Quote all entries in full, exactly.

Scraped caption text data:
□ □ □
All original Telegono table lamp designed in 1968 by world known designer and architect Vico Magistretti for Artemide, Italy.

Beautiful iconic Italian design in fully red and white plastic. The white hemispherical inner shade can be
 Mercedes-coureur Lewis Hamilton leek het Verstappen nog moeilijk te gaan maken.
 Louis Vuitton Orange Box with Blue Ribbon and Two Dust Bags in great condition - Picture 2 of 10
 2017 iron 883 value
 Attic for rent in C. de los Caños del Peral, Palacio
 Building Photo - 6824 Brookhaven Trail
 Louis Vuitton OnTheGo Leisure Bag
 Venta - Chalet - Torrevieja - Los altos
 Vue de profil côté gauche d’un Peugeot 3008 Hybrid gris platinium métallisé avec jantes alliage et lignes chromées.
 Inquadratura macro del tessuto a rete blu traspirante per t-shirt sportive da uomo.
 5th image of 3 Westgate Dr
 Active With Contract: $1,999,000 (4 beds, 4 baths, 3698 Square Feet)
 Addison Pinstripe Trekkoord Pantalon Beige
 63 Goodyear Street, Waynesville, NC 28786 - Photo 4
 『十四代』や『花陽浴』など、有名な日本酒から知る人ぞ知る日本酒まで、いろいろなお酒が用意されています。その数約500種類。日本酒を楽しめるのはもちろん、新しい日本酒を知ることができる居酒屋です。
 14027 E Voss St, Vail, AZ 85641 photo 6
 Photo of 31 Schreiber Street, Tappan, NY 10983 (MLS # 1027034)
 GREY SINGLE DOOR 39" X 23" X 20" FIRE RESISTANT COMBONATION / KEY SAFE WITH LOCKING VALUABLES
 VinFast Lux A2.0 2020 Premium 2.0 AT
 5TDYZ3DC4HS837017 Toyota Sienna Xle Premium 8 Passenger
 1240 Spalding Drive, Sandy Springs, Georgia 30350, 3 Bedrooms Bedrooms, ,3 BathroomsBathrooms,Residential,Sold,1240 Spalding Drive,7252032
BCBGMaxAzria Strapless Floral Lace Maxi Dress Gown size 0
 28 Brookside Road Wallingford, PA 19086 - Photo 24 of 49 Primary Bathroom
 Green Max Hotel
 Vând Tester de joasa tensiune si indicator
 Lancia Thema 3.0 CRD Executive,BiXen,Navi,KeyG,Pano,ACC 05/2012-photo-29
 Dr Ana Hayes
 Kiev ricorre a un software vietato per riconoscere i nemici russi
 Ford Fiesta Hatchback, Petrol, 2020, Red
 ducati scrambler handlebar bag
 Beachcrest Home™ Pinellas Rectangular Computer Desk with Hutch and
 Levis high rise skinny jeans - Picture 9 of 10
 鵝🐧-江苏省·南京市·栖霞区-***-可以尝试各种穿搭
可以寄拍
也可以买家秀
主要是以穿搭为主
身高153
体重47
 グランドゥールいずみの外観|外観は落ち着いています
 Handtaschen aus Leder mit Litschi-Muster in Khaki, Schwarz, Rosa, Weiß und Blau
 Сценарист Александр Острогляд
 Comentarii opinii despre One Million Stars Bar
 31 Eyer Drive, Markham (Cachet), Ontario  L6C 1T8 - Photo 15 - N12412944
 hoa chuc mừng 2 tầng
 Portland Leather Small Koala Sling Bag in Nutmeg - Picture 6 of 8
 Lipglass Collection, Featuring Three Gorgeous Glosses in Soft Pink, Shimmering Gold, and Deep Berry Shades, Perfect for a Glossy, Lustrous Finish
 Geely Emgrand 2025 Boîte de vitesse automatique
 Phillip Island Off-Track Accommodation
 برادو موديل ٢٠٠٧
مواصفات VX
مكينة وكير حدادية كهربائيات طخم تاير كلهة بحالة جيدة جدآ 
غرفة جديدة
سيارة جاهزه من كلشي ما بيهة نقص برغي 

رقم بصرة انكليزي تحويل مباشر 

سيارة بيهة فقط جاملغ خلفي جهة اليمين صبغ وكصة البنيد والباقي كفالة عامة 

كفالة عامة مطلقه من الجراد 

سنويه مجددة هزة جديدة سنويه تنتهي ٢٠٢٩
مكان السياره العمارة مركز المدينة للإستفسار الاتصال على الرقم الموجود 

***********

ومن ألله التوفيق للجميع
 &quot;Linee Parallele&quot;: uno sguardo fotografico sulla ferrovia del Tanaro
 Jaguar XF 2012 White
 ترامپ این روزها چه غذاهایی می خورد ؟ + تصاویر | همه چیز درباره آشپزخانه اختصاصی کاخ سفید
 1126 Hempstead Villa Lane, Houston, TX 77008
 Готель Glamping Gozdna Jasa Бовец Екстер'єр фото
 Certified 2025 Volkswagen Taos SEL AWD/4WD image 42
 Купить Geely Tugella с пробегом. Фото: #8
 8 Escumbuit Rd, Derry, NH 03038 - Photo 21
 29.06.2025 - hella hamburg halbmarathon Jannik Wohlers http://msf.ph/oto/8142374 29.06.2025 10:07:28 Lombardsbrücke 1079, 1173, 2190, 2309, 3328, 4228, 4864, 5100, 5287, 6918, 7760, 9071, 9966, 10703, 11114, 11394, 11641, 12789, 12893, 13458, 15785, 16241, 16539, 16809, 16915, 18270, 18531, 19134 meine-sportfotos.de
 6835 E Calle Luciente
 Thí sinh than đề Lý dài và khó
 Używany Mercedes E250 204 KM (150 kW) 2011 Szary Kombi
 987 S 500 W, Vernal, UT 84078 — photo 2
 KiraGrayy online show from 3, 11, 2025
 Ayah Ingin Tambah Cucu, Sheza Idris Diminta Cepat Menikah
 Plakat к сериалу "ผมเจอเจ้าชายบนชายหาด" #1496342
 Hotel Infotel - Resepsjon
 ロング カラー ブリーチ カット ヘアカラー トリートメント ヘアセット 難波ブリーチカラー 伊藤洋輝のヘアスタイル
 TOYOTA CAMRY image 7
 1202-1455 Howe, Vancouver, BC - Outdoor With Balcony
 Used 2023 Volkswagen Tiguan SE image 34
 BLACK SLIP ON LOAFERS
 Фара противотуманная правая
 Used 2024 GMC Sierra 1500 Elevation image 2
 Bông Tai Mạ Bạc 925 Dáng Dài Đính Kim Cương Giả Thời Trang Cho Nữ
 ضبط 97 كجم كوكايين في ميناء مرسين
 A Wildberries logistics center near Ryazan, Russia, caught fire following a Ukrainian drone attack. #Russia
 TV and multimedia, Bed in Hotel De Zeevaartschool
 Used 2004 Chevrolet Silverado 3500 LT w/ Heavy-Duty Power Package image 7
□ □ □
Exercise solution:
All original Telegono table lamp designed in 1968 by world known designer and architect Vico Magistretti for Artemide, Italy.

Beautiful iconic Italian design in fully red and white plastic. The white hemispherical inner shade can be
 Mercedes-coureur Lewis Hamilton leek het Verstappen nog moeilijk te gaan maken.
 Louis Vuitton Orange Box with Blue Ribbon and Two Dust Bags in great condition - Picture 2 of 10
 2017 iron 883 value
 Attic for rent in C. de los Caños del Peral, Palacio
 Building Photo - 6824 Brookhaven Trail
 Louis Vuitton OnTheGo Leisure Bag
 Venta - Chalet - Torrevieja - Los altos
 Vue de profil côté gauche d’un Peugeot 3008 Hybrid gris platinium métallisé avec jantes alliage et lignes chromées.
 Inquadratura macro del tessuto a rete blu traspirante per t-shirt sportive da uomo.
 5th image of 3 Westgate Dr
 Active With Contract: $1,999,000 (4 beds, 4 baths, 3698 Square Feet)
 Addison Pinstripe Trekkoord Pantalon Beige
 63 Goodyear Street, Waynesville, NC 28786 - Photo 4
 『十四代』や『花陽浴』など、有名な日本酒から知る人ぞ知る日本酒まで、いろいろなお酒が用意されています。その数約500種類。日本酒を楽しめるのはもちろん、新しい日本酒を知ることができる居酒屋です。
 14027 E Voss St, Vail, AZ 85641 photo 6
 Photo of 31 Schreiber Street, Tappan, NY 10983 (MLS # 1027034)
 GREY SINGLE DOOR 39" X 23" X 20" FIRE RESISTANT COMBONATION / KEY SAFE WITH LOCKING VALUABLES
 VinFast Lux A2.0 2020 Premium 2.0 AT
 5TDYZ3DC4HS837017 Toyota Sienna Xle Premium 8 Passenger
 1240 Spalding Drive, Sandy Springs, Georgia 30350, 3 Bedrooms Bedrooms, ,3 BathroomsBathrooms,Residential,Sold,1240 Spalding Drive,7252032
BCBGMaxAzria Strapless Floral Lace Maxi Dress Gown size 0
 28 Brookside Road Wallingford, PA 19086 - Photo 24 of 49 Primary Bathroom
 Green Max Hotel
 Vând Tester de joasa tensiune si indicator
 Lancia Thema 3.0 CRD Executive,BiXen,Navi,KeyG,Pano,ACC 05/2012-photo-29
 Dr Ana Hayes
 Kiev ricorre a un software vietato per riconoscere i nemici russi
 Ford Fiesta Hatchback, Petrol, 2020, Red
 ducati scrambler handlebar bag
 Beachcrest Home™ Pinellas Rectangular Computer Desk with Hutch and
 Levis high rise skinny jeans - Picture 9 of 10
 鵝🐧-江苏省·南京市·栖霞区-***-可以尝试各种穿搭
可以寄拍
也可以买家秀
主要是以穿搭为主
身高153
体重47
 グランドゥールいずみの外観|外観は落ち着いています
 Handtaschen aus Leder mit Litschi-Muster in Khaki, Schwarz, Rosa, Weiß und Blau
 Сценарист Александр Острогляд
 Comentarii opinii despre One Million Stars Bar
 31 Eyer Drive, Markham (Cachet), Ontario  L6C 1T8 - Photo 15 - N12412944
 hoa chuc mừng 2 tầng
 Portland Leather Small Koala Sling Bag in Nutmeg - Picture 6 of 8
 Lipglass Collection, Featuring Three Gorgeous Glosses in Soft Pink, Shimmering Gold, and Deep Berry Shades, Perfect for a Glossy, Lustrous Finish
 Geely Emgrand 2025 Boîte de vitesse automatique
 Phillip Island Off-Track Accommodation
 برادو موديل ٢٠٠٧
مواصفات VX
مكينة وكير حدادية كهربائيات طخم تاير كلهة بحالة جيدة جدآ 
غرفة جديدة
سيارة جاهزه من كلشي ما بيهة نقص برغي 

رقم بصرة انكليزي تحويل مباشر 

سيارة بيهة فقط جاملغ خلفي جهة اليمين صبغ وكصة البنيد والباقي كفالة عامة 

كفالة عامة مطلقه من الجراد 

سنويه مجددة هزة جديدة سنويه تنتهي ٢٠٢٩
مكان السياره العمارة مركز المدينة للإستفسار الاتصال على الرقم الموجود 

***********

ومن ألله التوفيق للجميع
 &quot;Linee Parallele&quot;: uno sguardo fotografico sulla ferrovia del Tanaro
 Jaguar XF 2012 White
 ترامپ این روزها چه غذاهایی می خورد ؟ + تصاویر | همه چیز درباره آشپزخانه اختصاصی کاخ سفید
 1126 Hempstead Villa Lane, Houston, TX 77008
 Готель Glamping Gozdna Jasa Бовец Екстер'єр фото
 Certified 2025 Volkswagen Taos SEL AWD/4WD image 42
 Купить Geely Tugella с пробегом. Фото: #8
 8 Escumbuit Rd, Derry, NH 03038 - Photo 21
 29.06.2025 - hella hamburg halbmarathon Jannik Wohlers http://msf.ph/oto/8142374 29.06.2025 10:07:28 Lombardsbrücke 1079, 1173, 2190, 2309, 3328, 4228, 4864, 5100, 5287, 6918, 7760, 9071, 9966, 10703, 11114, 11394, 11641, 12789, 12893, 13458, 15785, 16241, 16539, 16809, 16915, 18270, 18531, 19134 meine-sportfotos.de
 6835 E Calle Luciente
 Thí sinh than đề Lý dài và khó
 Używany Mercedes E250 204 KM (150 kW) 2011 Szary Kombi
 987 S 500 W, Vernal, UT 84078 — photo 2
 KiraGrayy online show from 3, 11, 2025
 Ayah Ingin Tambah Cucu, Sheza Idris Diminta Cepat Menikah
 Plakat к сериалу "ผมเจอเจ้าชายบนชายหาด" #1496342
 Hotel Infotel - Resepsjon
 ロング カラー ブリーチ カット ヘアカラー トリートメント ヘアセット 難波ブリーチカラー 伊藤洋輝のヘアスタイル
 TOYOTA CAMRY image 7
 1202-1455 Howe, Vancouver, BC - Outdoor With Balcony
 Used 2023 Volkswagen Tiguan SE image 34
 BLACK SLIP ON LOAFERS
 Фара противотуманная правая
 Used 2024 GMC Sierra 1500 Elevation image 2
 Bông Tai Mạ Bạc 925 Dáng Dài Đính Kim Cương Giả Thời Trang Cho Nữ
 ضبط 97 كجم كوكايين في ميناء مرسين
 A Wildberries logistics center near Ryazan, Russia, caught fire following a Ukrainian drone attack. #Russia
 TV and multimedia, Bed in Hotel De Zeevaartschool
 Used 2004 Chevrolet Silverado 3500 LT w/ Heavy-Duty Power Package image 7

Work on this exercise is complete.